* EXERCISE OBJECTIVE *
Reproduce the listing below in full and exactly; no pictures belong in the copy.

* COLLECTED DATA *
▼▼▼
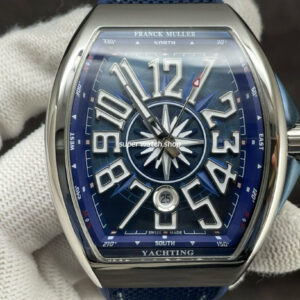 ABF Factory Franck Muller Vanguard V45 44mm Steel Rubber Strap Blue Dial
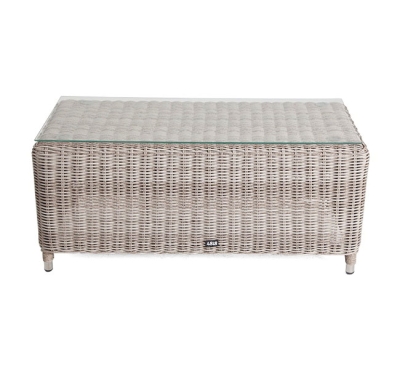 "Кон Панна" столик журнальный из искусственного ротанга, цвет бежевый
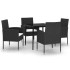 Juego de comedor para jardín 5 piezas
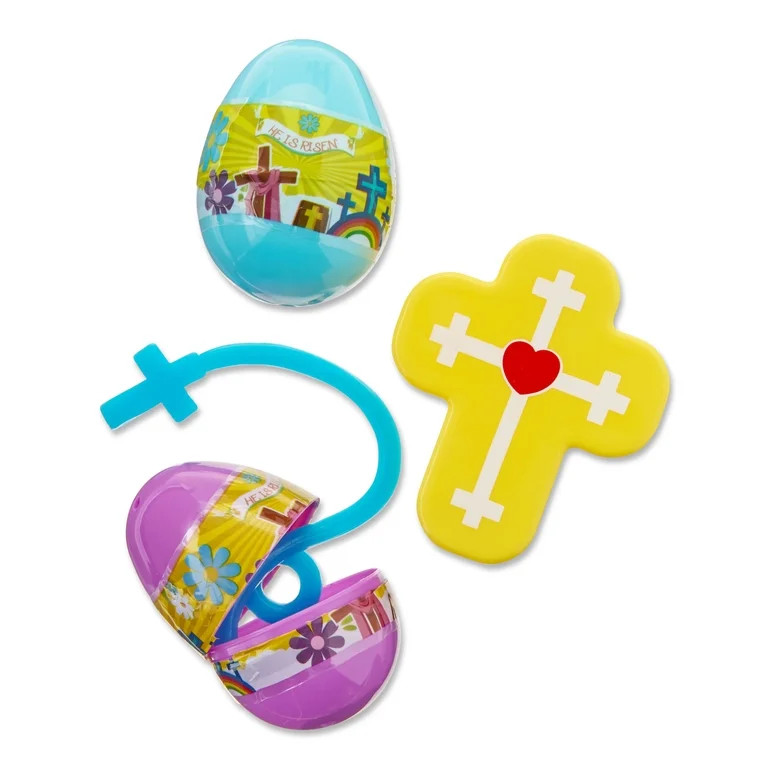He Is Risen Surprise Eggs, Multicolor, 12 Count, Easter by Way To Celebrate | Walmart (US)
▲▲▲
* RESPONSE BOX *
 ABF Factory Franck Muller Vanguard V45 44mm Steel Rubber Strap Blue Dial
 "Кон Панна" столик журнальный из искусственного ротанга, цвет бежевый
 Juego de comedor para jardín 5 piezas
He Is Risen Surprise Eggs, Multicolor, 12 Count, Easter by Way To Celebrate | Walmart (US)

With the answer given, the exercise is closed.